関節症性乾癬の正確な原因は不明ですが、免疫系の異常、遺伝的要因、環境的要因が複合的に影響していると考えられています。遺伝的に乾癬の家族歴がある人や、感染症、ストレスが引き金となって発症することがあります。
よくある症状
特に指や足の関節が影響を受けやすく、腫れが見られることが多いです。痛みは関節の周囲や、腱や靭帯が付着する部分にも現れることがあります。
朝起きたときや長時間動かない後に関節がこわばり、動かしにくくなることがあります。こわばりは数時間続くこともあります。
重症の場合、関節が変形し、運動機能に障害を引き起こすことがあります。指がソーセージ状に腫れる「ソーセージ指(ダクチリティス)」が典型的な症状の一つです。
尋常性乾癬に見られる赤く盛り上がった斑点(プラーク)や銀白色の鱗屑が、関節症状に伴って現れることが多いです。
滴状乾癬
滴状乾癬(てきじょうかんせん)は、乾癬の一種で、小型の水滴状の皮疹が多数発生するのが特徴です。特に小児や若年層に多く見られ、感染症(特に咽頭炎などの溶連菌感染症)が引き金となって発症します。

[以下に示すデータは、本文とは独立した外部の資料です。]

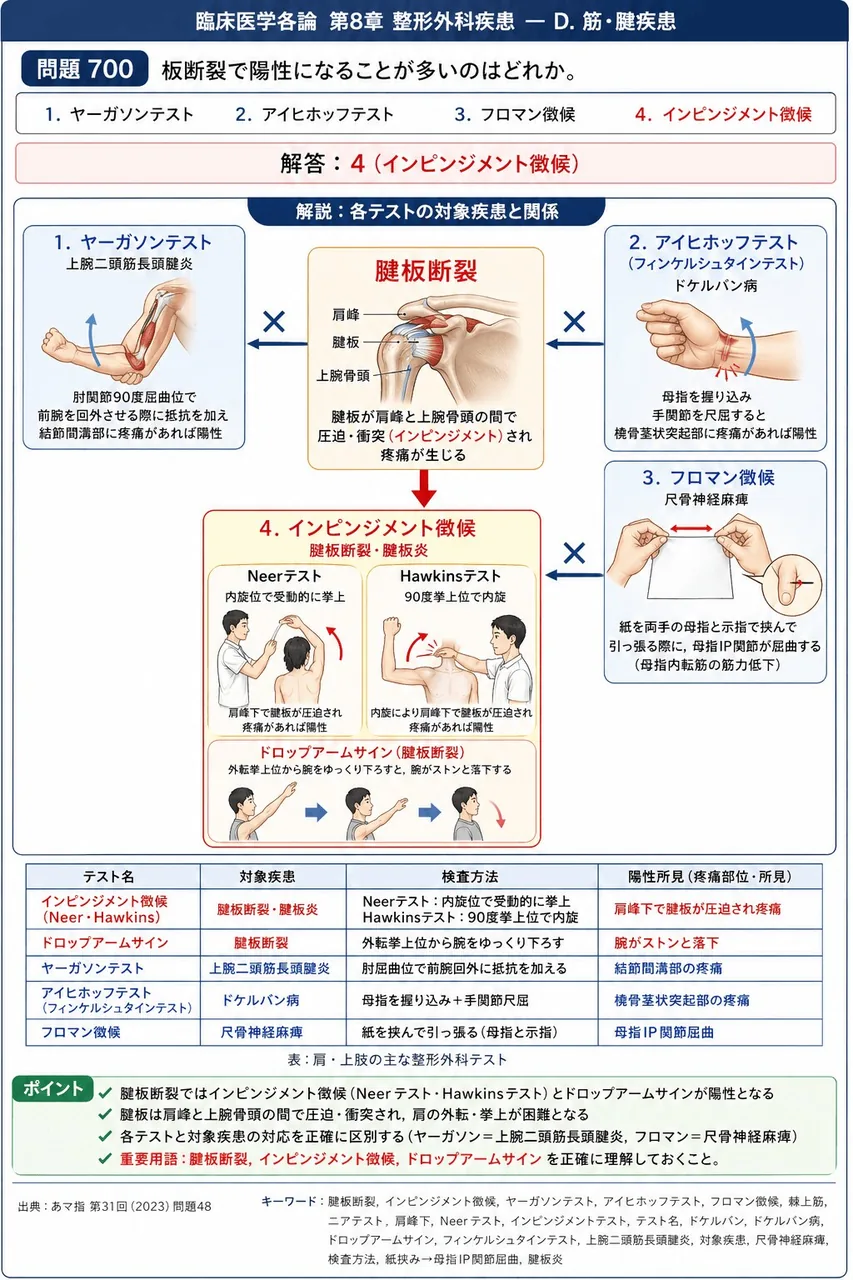 あマ指 第31回(2023) 問題48｜板断裂で陽性になることが多いのはどれか。 解説図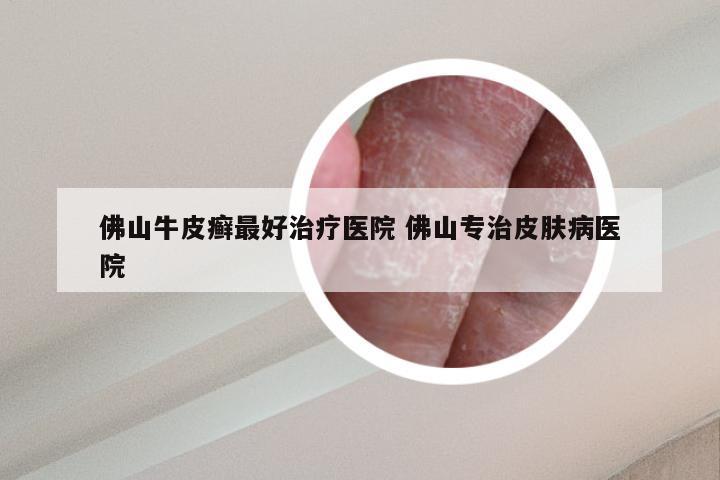 佛山牛皮癣最好治疗医院 佛山专治皮肤病医院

滴状乾癬の正確な原因は完全には解明されていませんが、免疫系の異常や遺伝的要因が関連していると考えられています。特に、溶連菌などの細菌感染やウイルス感染が、滴状乾癬の発症を誘発することがよく知られています。また、ストレスや皮膚の損傷が発症や悪化の要因となることもあります。
よくある症状
皮膚に小さな水滴状の赤い斑点が多数現れ、体幹、腕、脚に広がることが多いです。
皮疹はしばしばかゆみを伴い、時には非常に強いかゆみを感じることがあります。
皮疹の表面には、乾癬特有の細かい銀白色の鱗屑が見られることがあり、これが皮膚に積もります。
滴状乾癬は突然発症し、通常は感染症の数週間後に症状が現れます。
小児乾癬
小児乾癬(しょうにかんせん)は、乾癬が小児に発生する場合を指し、成人に比べて発症率は低いものの、特有の症状や経過を持つことが特徴です。

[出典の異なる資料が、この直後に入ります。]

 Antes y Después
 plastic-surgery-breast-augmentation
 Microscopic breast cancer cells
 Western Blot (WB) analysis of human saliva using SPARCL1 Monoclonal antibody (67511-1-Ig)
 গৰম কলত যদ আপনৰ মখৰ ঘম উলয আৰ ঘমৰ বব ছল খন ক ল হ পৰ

小児乾癬の原因は成人と同様、免疫系の異常が主な要因とされています。特に家族に乾癬の既往歴がある場合、遺伝的要因が発症に寄与する可能性が高くなります。さらに、感染症、特に溶連菌感染症やウイルス感染が、小児乾癬の引き金となることが多く、ストレスや皮膚への損傷もリスク要因とされています。
よくある症状
小児乾癬では、皮膚に赤く盛り上がった斑状皮疹が現れます。これらの皮疹には銀白色の鱗屑が重なることが多く、痒みを伴うことがあります。
小児では、特に体幹や四肢に皮疹が多く見られることがあり、頭皮にも現れることがあります。
小児乾癬は、特に滴状乾癬として発症することが多く、小さな水滴状の斑点が急に多数出現します。これらは通常、咽頭感染症や風邪の後に発生します。